This is the mail archive of the
libc-alpha@sourceware.org
mailing list for the glibc project.
Re: [PATCH][BZ 17251] Calculate RPATH $ORIGIN from absolute path
- From: Brennan Shacklett <bpshacklett at gmail dot com>
- To: libc-alpha at sourceware dot org
- Date: Sun, 26 Oct 2014 12:43:58 -0700
- Subject: Re: [PATCH][BZ 17251] Calculate RPATH $ORIGIN from absolute path
- Authentication-results: sourceware.org; auth=none
- References: <1407860209-21797-1-git-send-email-bpshacklett at gmail dot com> <CAL8Wma9QBp9o7p2iipTUHDb38pNJxzopq8WHrgrU+pQTsqT1Ug at mail dot gmail dot com> <CAL8Wma-GKCeT=3qFdQC3Db_PVZZD2TpDbaxphko+PL7e2SYfSg at mail dot gmail dot com> <CAL8Wma_7uqxWhw4TKLZnXbUwwGXZ71Mc0mGakeLZ91u-wmtASg at mail dot gmail dot com>
ping
On Mon, Oct 6, 2014 at 9:18 AM, Brennan Shacklett <bpshacklett@gmail.com> wrote:
> ping
>
> On Wed, Oct 1, 2014 at 12:28 AM, Brennan Shacklett
> <bpshacklett@gmail.com> wrote:
>> ping
>>
>> On Tue, Sep 23, 2014 at 8:09 PM, Brennan Shacklett
>> <bpshacklett@gmail.com> wrote:
>>> On Tue, Aug 12, 2014 at 9:16 AM, Brennan Shacklett
>>> <bpshacklett@gmail.com> wrote:
>>>> Bug 17251 deals with (what I believe is) the incorrect calculation of $ORIGIN
>>>> for shared libraries. Currently $ORIGIN is calculated correctly for executables
>>>> on linux, because readlink is called on /proc/self/exe, which means the
>>>> resulting path is absolute and has no symlinks.
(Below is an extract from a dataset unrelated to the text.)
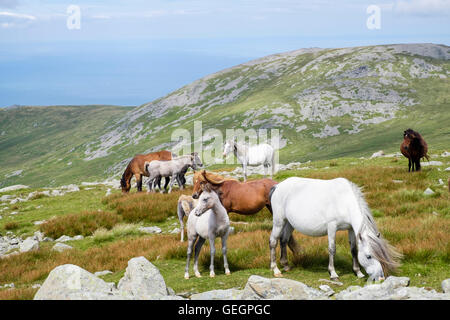 Wild Welsh Mountain Ponys mit Fohlen auf Pisten des Garnedd Gwenllian in Carneddau Berge von Snowdonia National Park (Eryri). Gwynedd Wales UK Stockfoto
>>>> Shared libraries with relative paths on the other hand are based
>>>> off of appending the name / path of the library to the current working
>>>> directory, which means if the library is a symlink, it is not followed, which
>>>> breaks RPATH $ORIGIN in the following scenario:
>>>>
>>>> libone.so and libtwo.so are both in ~/lib
>>>> libone.so needs libtwo.so, so libone.so has an RPATH of $ORIGIN.
>>>> If I run ldd on ~/lib/libone.so, libtwo.so is found and all is good.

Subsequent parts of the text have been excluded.